Kaczyński odniósł się też do medialnej wypowiedzi prezydenckiego doradcy prof. Tomasza Nałęcza o tym, że - jak cytował - PiS kopiuje marsz współorganizowany przez Kancelarię Prezydenta 11 listopada tego roku. - To prezydent kopiował nasz marsz sprzed roku i to kopiował bardzo dokładnie, łącznie z wynajęciem tego samego dwupiętrowego autobusu dla dziennikarzy - powiedział prezes PiS. W skład komitetu honorowego Marszu Wolności, Solidarności i Niepodległości weszli m.in.: aktorka Katarzyna Łaniewska, Zbigniew Romaszewski, szef Prawicy Rzeczypospolitej Marek Jurek, redaktor naczelny "Gazety Polskiej" Tomasz Sakiewicz, satyryk Jan Pietrzak, aktorka Anna Chodakowska, poseł Maciej Łopiński, szefowa Krajowego Sekretariatu Ochrony Zdrowia NSZZ "Solidarność" Maria Ochman.

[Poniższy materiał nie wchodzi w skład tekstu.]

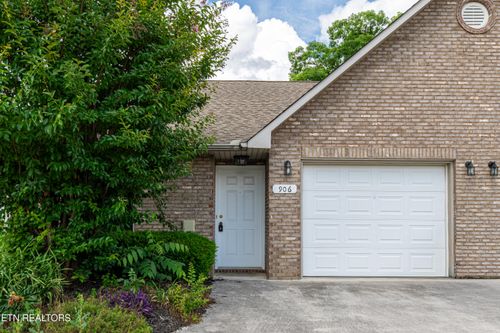 906 Mercer Dr, Maryville, TN, 37801-9315 | Card Image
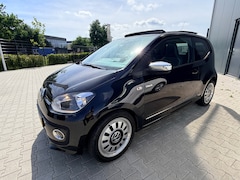 Volkswagen Up! - 1.0 Black up BlueMotion PANO|LEDER|AIRCO
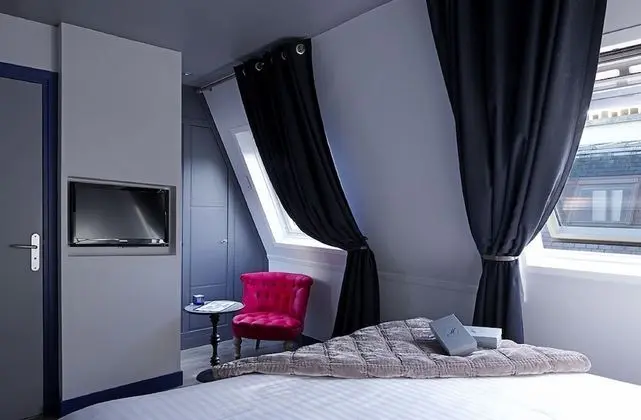 Delüks (Deluxe Double or Twin Room)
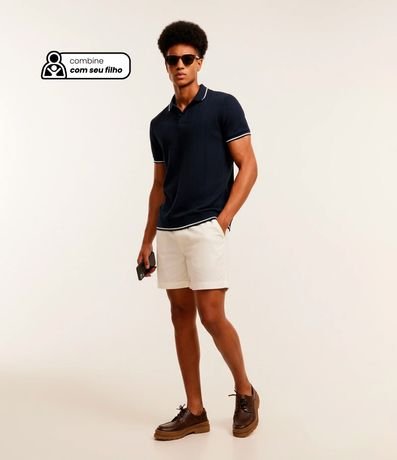 Polo Regular en Media Malla con Textura Rayada y Detalles Contrastantes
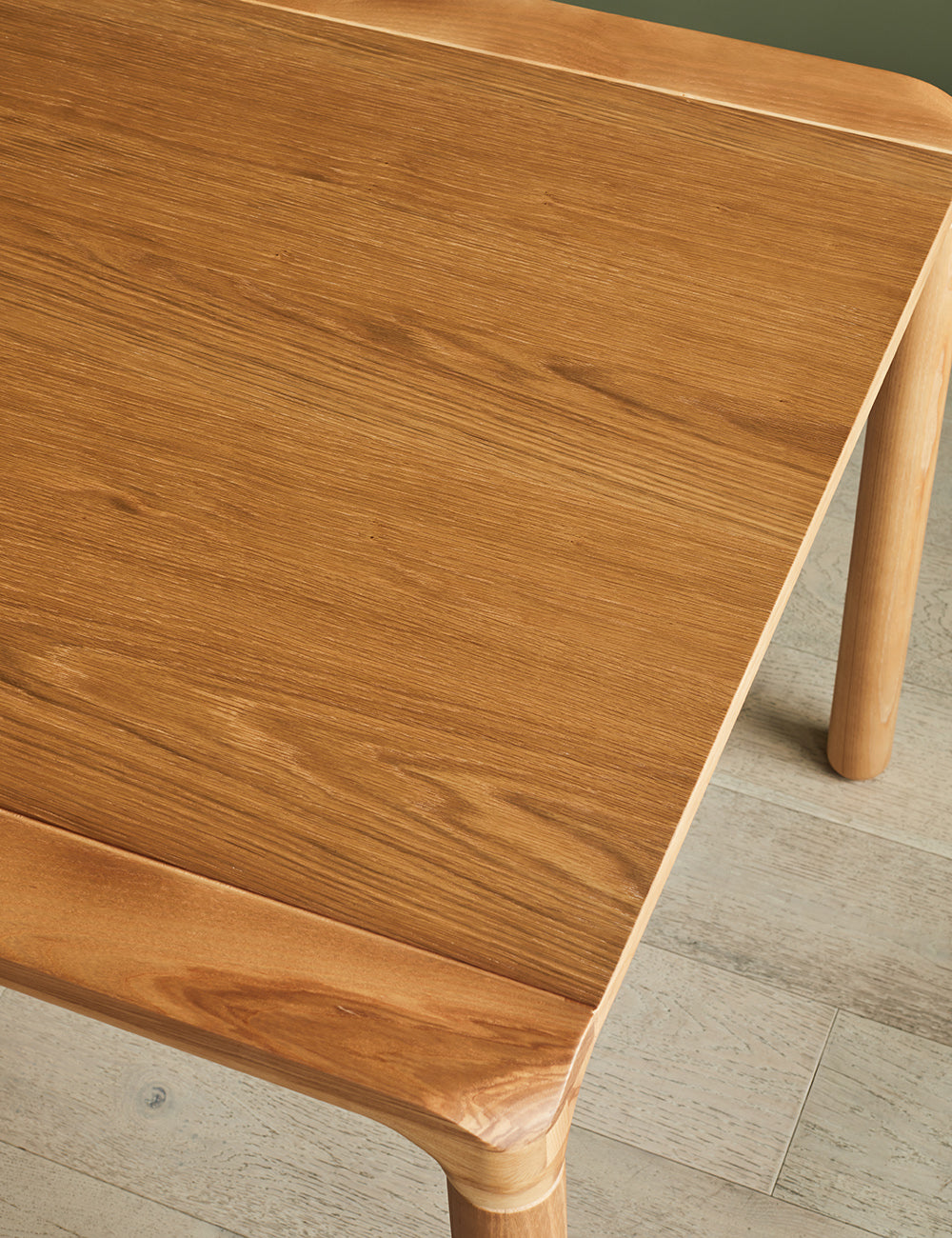 Curved Edge Dining Room Table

O "mowie nienawiści" Prezes PiS na konferencji nawiązał też do tzw. mowy nienawiści. PO złożyła w Sejmie projekt w tej kwestii, a minister administracji i cyfryzacji Michał Boni zapowiedział utworzenie rady dot. mowy nienawiści. - Myśmy już dostali interpretację, co to ma być mowa nienawiści. (Małgorzata) Kidawa-Błońska już stwierdziła, że jeśli chodzi o występy (Stefana) Niesiołowskiego, to nie jest to mowa nienawiści. Z tego wynika, że mowa nienawiści może być tylko po jednej stronie, że chodzi jedynie o instrument, przy pomocy którego będzie się zamykało usta opozycji i całej krytycznie nastawionej części społeczeństwa - powiedział. - To jest uderzenie w same fundamenty demokracji - ocenił prezes PiS. - Po uchwaleniu tej ustawy będziemy mieli do czynienia z sytuacją, w której nikt przy zdrowych zmysłach, kto cokolwiek o demokracji wie, nie będzie mógł stwierdzić, że Polska jest państwem demokratycznym - powiedział.
"Wiadomo, o co chodzi"
Kaczyński dodał, że minister Boni, który zaproponował radę ds. mowy nienawiści, ma swoim gabinecie politycznym osobę, która "o młodych kobietach, które występowały w spotach" PiS powiedziała "suczki". Chodzi o Dariusza Dolczewskiego, który w czasie kampanii w ostatnich wyborach parlamentarnych umieścił na swoim profilu na Facebooku film z młodymi kandydatkami PiS do Sejmu; w tle filmu słychać było słowa piosenki: "hej suczki, my znamy wasze sztuczki". - Wiadomo o co chodzi, zdaje się, że władza chce wyraźnie powiedzieć o co chodzi, aby nie było co do tego najmniejszych wątpliwości. Po prostu ci, którzy są krytycznie wobec niej nastawieni mają więcej nie mówić - powiedział prezes PiS.